There were 173 issues worth $4.28 billion in the first half of 2016; 180 issues worth $3.35 billion in the first half of 2015; in 2014, 147 issues worth $5.01 billion; in 2013, 165 issues worth $9.33 billion; in 2012, 217 issues worth $5.23 billion; in 2011, 117 issues worth $4.62 billion; in 2010, 165 issues worth $6.79 billion; and in 2009, 145 issues worth $6.76 billion.

Media reports and public finance lawyers alike indicate that the decrease in volume is tied to the federal tax reform package that took effect at the beginning of this year. Advance refundings—whereby government entities essentially refinance existing debt at better interest rates, but before the original bond matures—were eliminated in the revised tax code.

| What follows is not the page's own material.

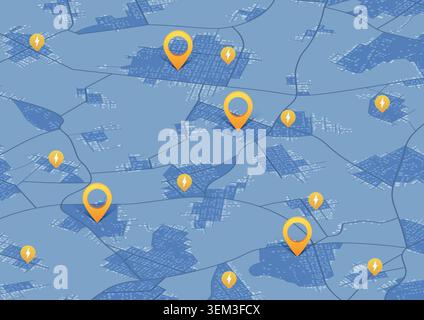 Location charging station location mark on gps navigation isometric map. POI fast supercharger station. EV destination tag. Huge top view. Tracking Stock Vector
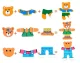 Bakalu Wooden Dress-up Puzzle Bear Family Emotions, 47 Pcs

“There was a lot of angst when the code was being changed, by local governments,” according to Edward McManimon III of McManimon, Scotland & Baumann in Roseland. But those favoring the change ”felt there was just a churning” of the bond market by underwriters, he said—”issuing debt for the sake of issuing debt.”

“That's definitely the case, and that's not just New Jersey,” Tassos Efstratiades, chairman of the public finance practice at Obermayer Rebmann Maxwell & Hippel, said of the effect the tax code revision is having on the volume of bond issues.

Another potential reason for low volume in 2018 so far, according to Efstratiades: Private activity bonds, whereby government entities issue debt to finance certain types of projects by private companies, also were on the chopping block in the tax reform package, but ultimately were not eliminated in the legislation. Fear that private activity bonds would become a tax reform casualty likely spurred government units to issue those bonds late last year, rather than wait until 2018, he said.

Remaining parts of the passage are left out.